Embarrassingly parallel problems

Ideal cases for parallelization are embarrassingly parallel problems: problems which can be broken down into independent tasks without any work.

Examples:

  • Loops for which all iterations are independent of each others.
  • Resampling (e.g. bootstrapping or cross-validation).
  • Ensemble learning (e.g. random forests).

Examples of problems which are not embarrassingly parallel:

  • Loops for which the result of one iteration is needed for the next iteration.
  • Recursive function calls.
  • Problems that are inherently sequential.

For non-embarrassingly parallel problems, one solution is to use C++ to improve speed, as we will see at the end of this course.

Types of parallelism

There are various ways to run code in parallel and it is important to have a clear understanding of what each method entails.

Multi-threading

We talk about multi-threading when a single process (with its own memory) runs multiple threads.

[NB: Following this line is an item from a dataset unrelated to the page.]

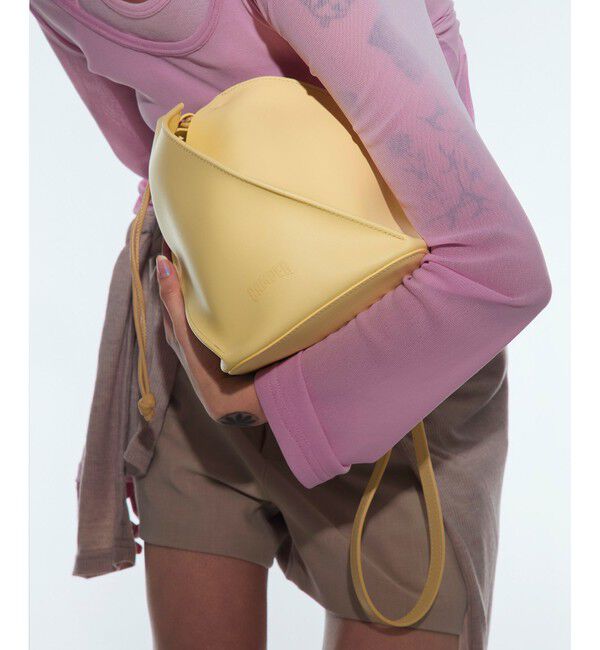 CAMPER「[カンペール] TYPHON ショルダーバッグ」|ショルダー・メッセンジャー|ライトイエロー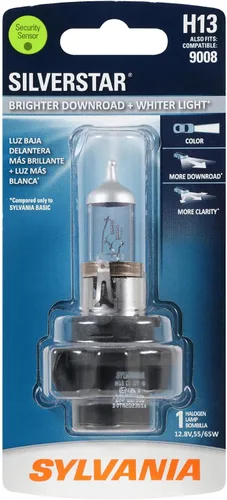 Vista 10 de Foco halógeno de alto rendimiento SilverStar (1 unidad) Sylvania 9003 (también encaja H4), H7 Faros delanteros y antiniebla de alto rendimiento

The execution can happen in parallel—if each thread has access to a CPU core—or by alternating some of the threads on some CPU cores.

Because all threads in a process write to the same memory addresses, multi-threading can lead to race conditions.

Multi-threading does not seem to be a common approach to parallelizing R code.

Multi-processing in shared memory

Multi-processing in shared memory happens when multiple processes execute code on multiple CPU cores of a single node (or a single machine).

The different processes need to communicate with each other, but because they are all running on the CPU cores of a single node, messages can pass via shared memory.

Multi-processing in distributed memory

When processes involved in the execution of some code run on multiple nodes of a cluster, messages between them need to travel over the cluster interconnect. In that case, we talk about distributed memory.